• [Captioned web image data]

● ● ● ● ●

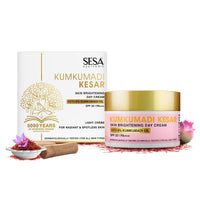 SESA Kumkumadi Kesar Day Cream 50g SPF 20 & PA++ Skin Brightening Ayurvedic Face Moisturizer Protection from Sun Damage Hydrating Face Cream For Women Daily Use Woman and Men, 50 gm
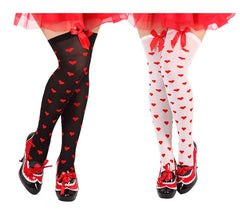 Garter stockings with hearts, one size, 2 assorted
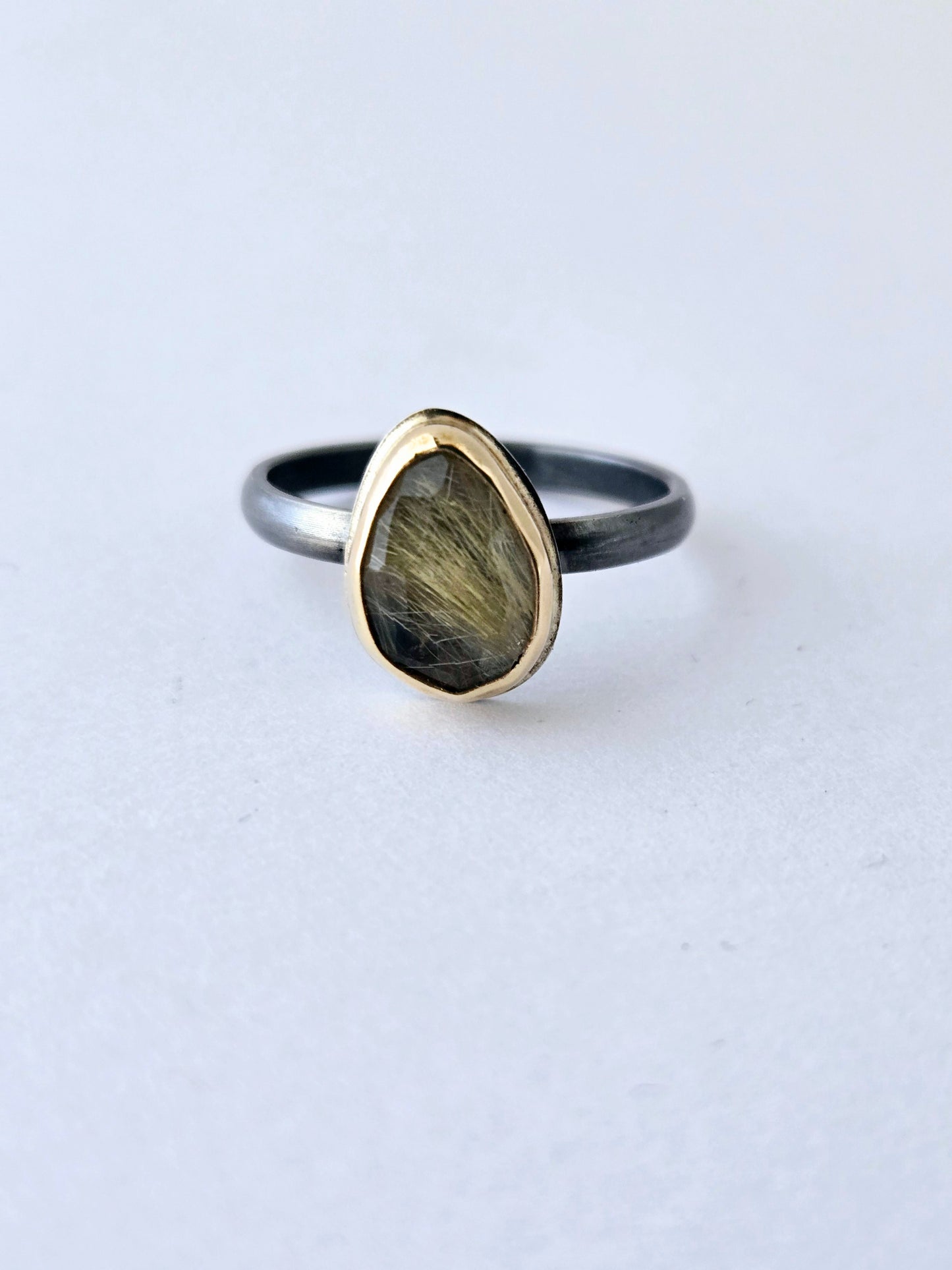 Golden Rutilated Quartz Ring-SS/14K: Size 7.75 US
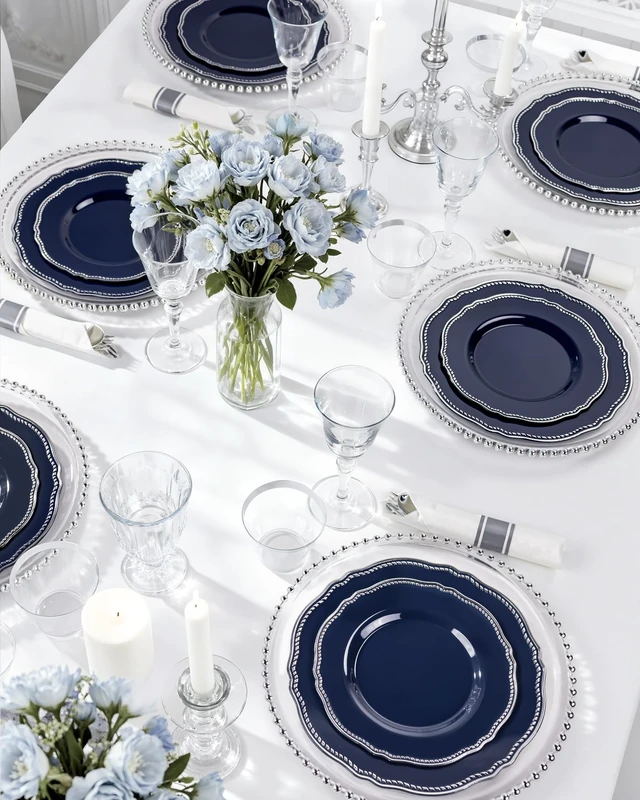 Alt view image 5 of 7 - 350 Pcs Blue Silver Plastic Plates Wedding & Party | Silver Plastic Dinnerware Set Includes 50 Dinner Plates, 50 Dessert Dinnerware, 50 Cups, 50 Napkins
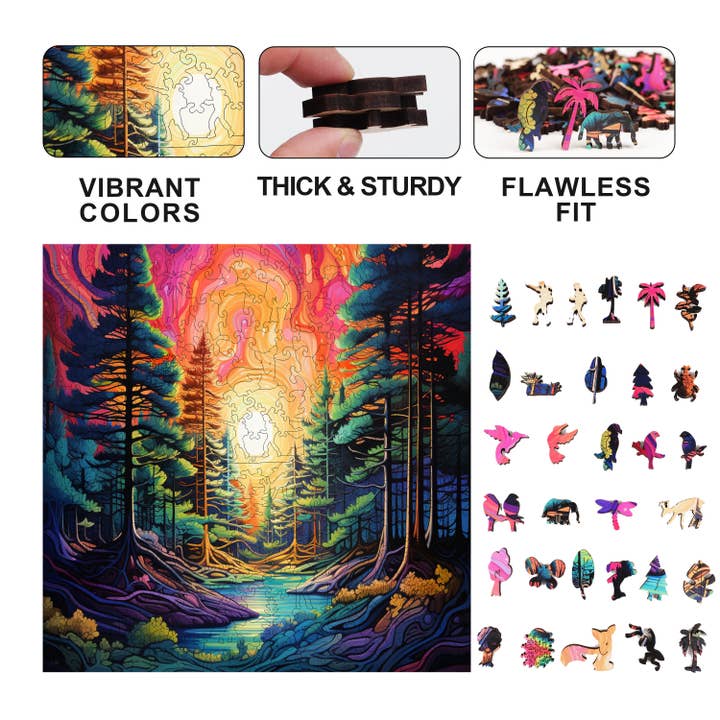 Trippy Puzzle Co – wholesale Pussel - Vuxen – Trippy Timber träpussel med 300 bitar4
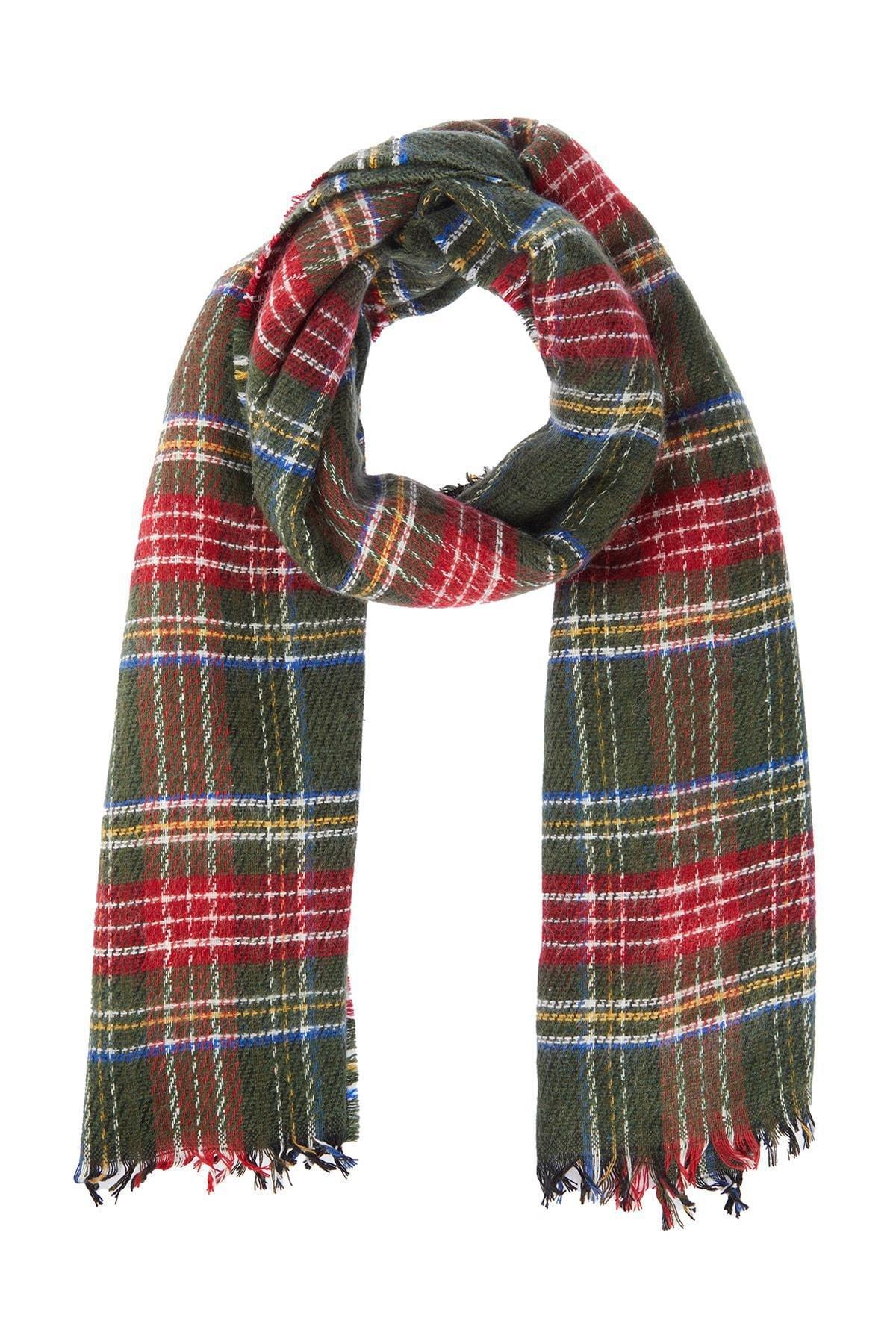 Green Plaid Casual Scarf, Green, large image number 4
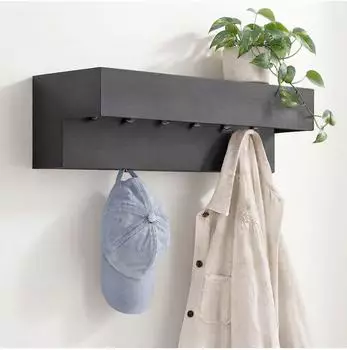 DanDiBo Wandgarderobe mit Ablage 60cm Metall schwarz (96741)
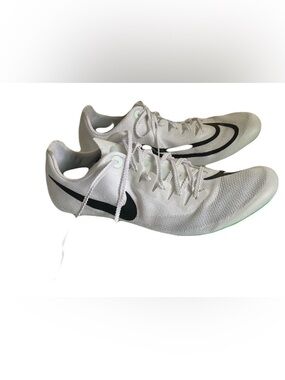 Nike White Running Spikes with Black Swoosh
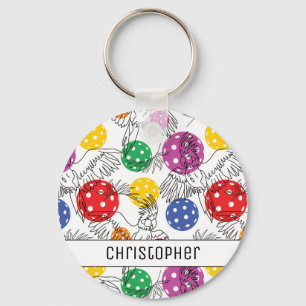 Custom name, Pickleball with 🦜parrots, white  Key Keychain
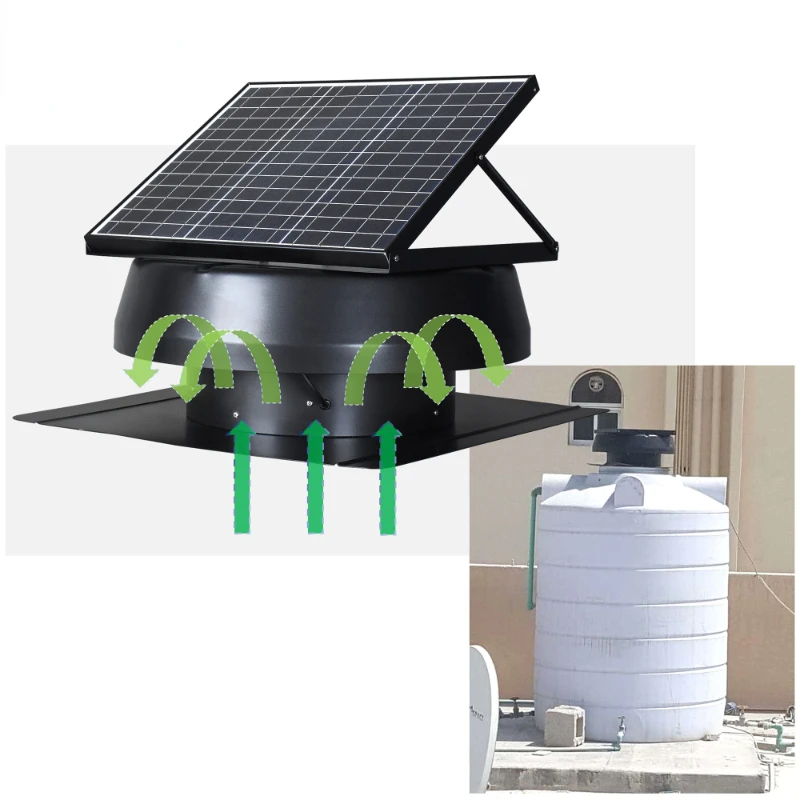 

Water Tank Hot Sale Heat Extractor 40W Solar Panel Powered Ceiling Exhaust Fans Roof Ventilation Attic Gable Air Blower DC Fan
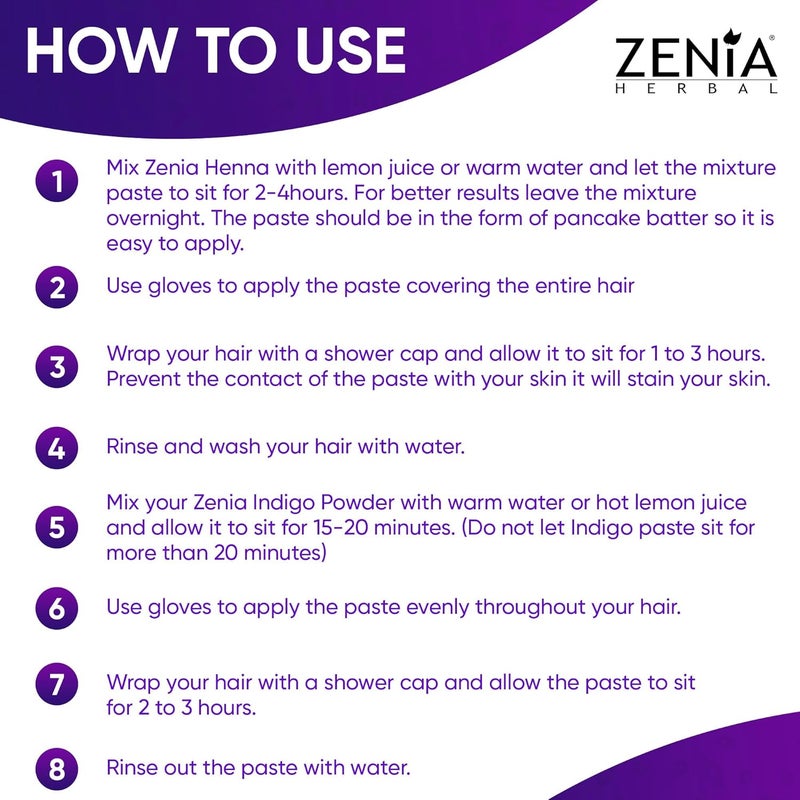 Zenia Indigo Powder for Hair and Beard Dye - 100% Pure and Natural Indigo Powder - 100g - Image 5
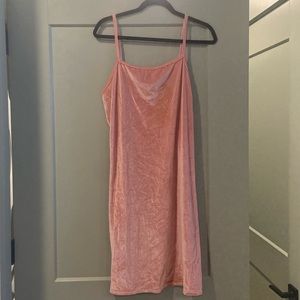 Pink velour dress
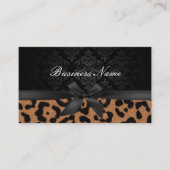 Makeup Artist Luxury Damask & Leopard Print Visitekaartje (Voorkant)
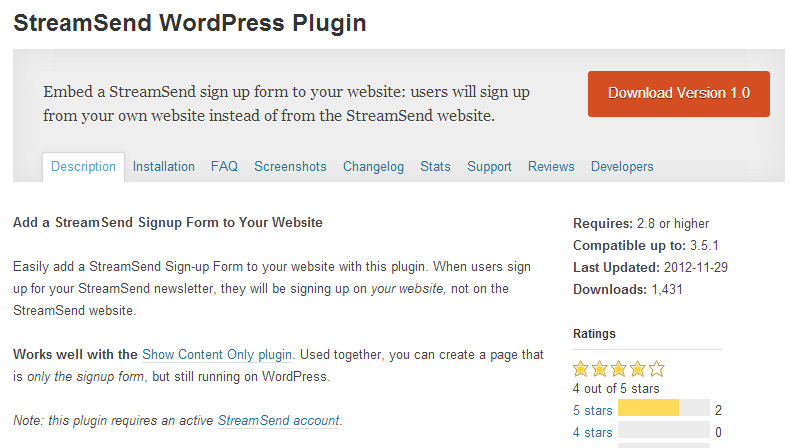 StreamSend WordPress Plugin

● ● ● ● ●

• [YOUR ASSIGNMENT] Give back, word for word, the lines from the line that contains "Zenia Indigo Powder" through the last line of the records, with no pictures and nothing else.

• [RESULT OF THIS TASK]
 Zenia Indigo Powder for Hair and Beard Dye - 100% Pure and Natural Indigo Powder - 100g - Image 5
 Pink velour dress
 Makeup Artist Luxury Damask & Leopard Print Visitekaartje (Voorkant)
 StreamSend WordPress Plugin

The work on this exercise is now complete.